Cuando veo cómo se enmaraña la próxima legislatura, regreso al día 28 de abril y a la interpretación que sin excepciones se hizo del resultado de aquellas elecciones generales. Después de cinco años de vivir a trompicones, la sociedad -se dijo- reclama estabilidad, y se le reclama a todos los partidos. Basta de embestidas y de crispación, abordemos los problemas con la herramienta de la democracia: el diálogo.
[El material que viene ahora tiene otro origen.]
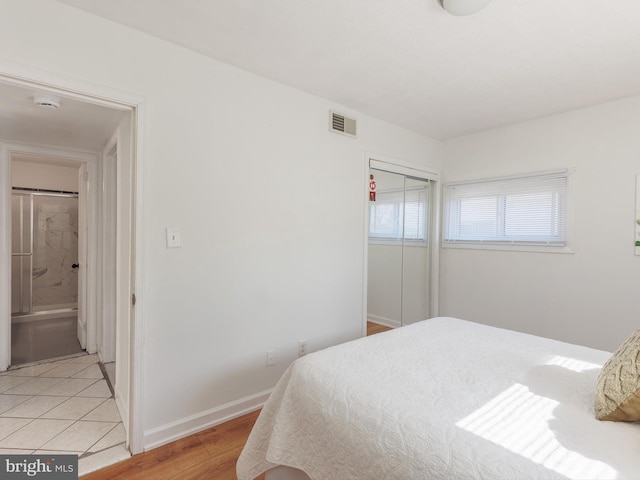 bedroom featuring visible vents, baseboards, a closet, and light wood-style flooring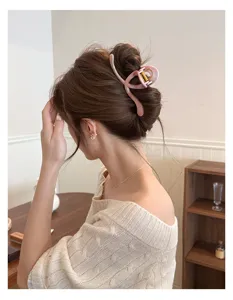 Peach pink crescent hair claw clip, marbled hollow updo shark clip for sweet women hair styling.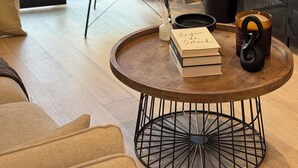 Un salon moderne avec un fauteuil en cuir, une table basse ronde ornée de livres et d’une bougie, une plante en pot et une vue à travers une porte vitrée.
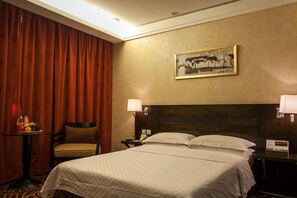 A hotel room with a bed, a chair, a table with fruit, a painting, and a nightstand with a lamp. - Huashi Hotel (Guangzhou)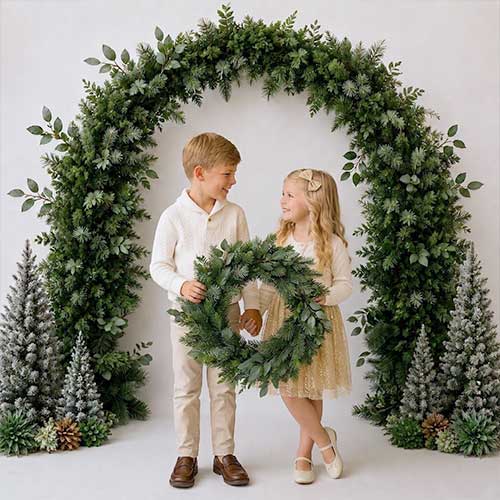 Two young children, a boy and a girl, stand smiling under a festive greenery arch with small frosted trees on either side. The girl holds a large green wreath. Both wear light-colored, dressy clothes.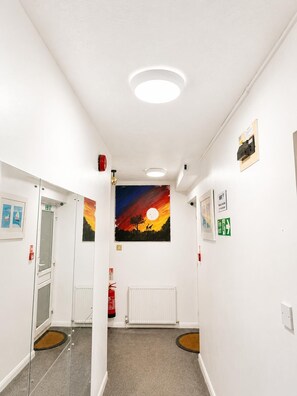 A hallway with white walls, a ceiling light, a fire extinguisher, and a painting of a sunset. - High Trees Gatwick Guest House  (Horley)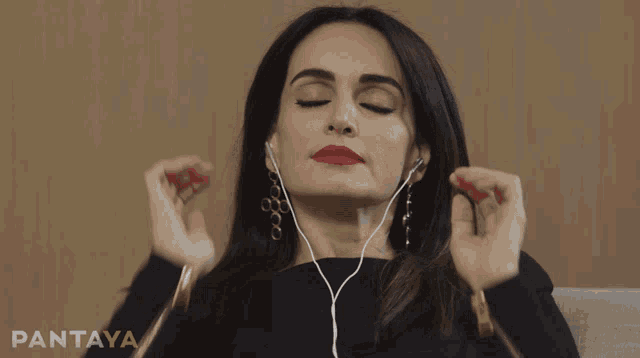 a woman wearing earbuds with the word pantaya on the bottom right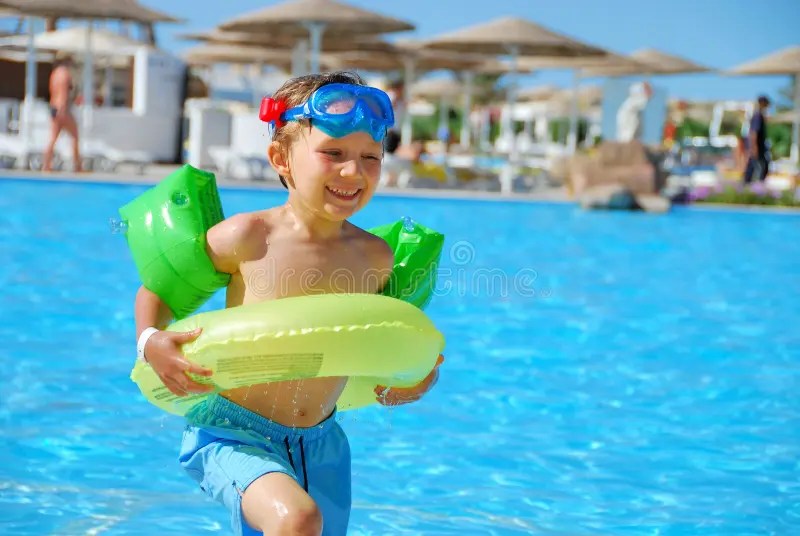 Boy In Colorful Float Ring In Swimming Pool Stock Image Image of
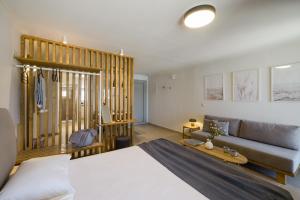 a bedroom with a large bed and a couch at Cavaliere Seafront House - Klio in Sami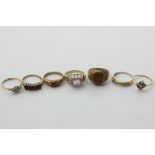 Seven gold rings variously gem set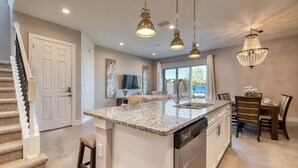 Une cuisine spacieuse avec un grand îlot central, un coin repas avec une table et des chaises, un escalier et un lustre.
Si ese fue el mandato, ya podemos asegurar que será desatendido. Cataluña es la razón, pero también la excusa para que las derechas se autoafirmen en la peor de sus costumbres: cuando no gobiernan se desentienden de todo compromiso con la estabilidad. La exigen sin parar, sí, pero lo hacen imposible. Ser oposición es, desde su punto de vista, algo distinto de discrepar de una acción de gobierno y de combatir contra ella, significa cuestionar la base misma de sustentación de la legitimidad. A su juicio, la izquierda en el poder es una amenaza para el Estado. No es que ponga en peligro la unidad nacional, es que busca destruirla.
El resultado de las elecciones del domingo, con la correlación de fuerzas que defina, agudizará o atenuará esta pulsión dinamitadora. Y por lo que hasta el momento se está viendo, parece que se agudizará especialmente si Ciudadanos supera al Partido Popular. A Rivera, que está espídico, solo le falta el turbo del sorpaso.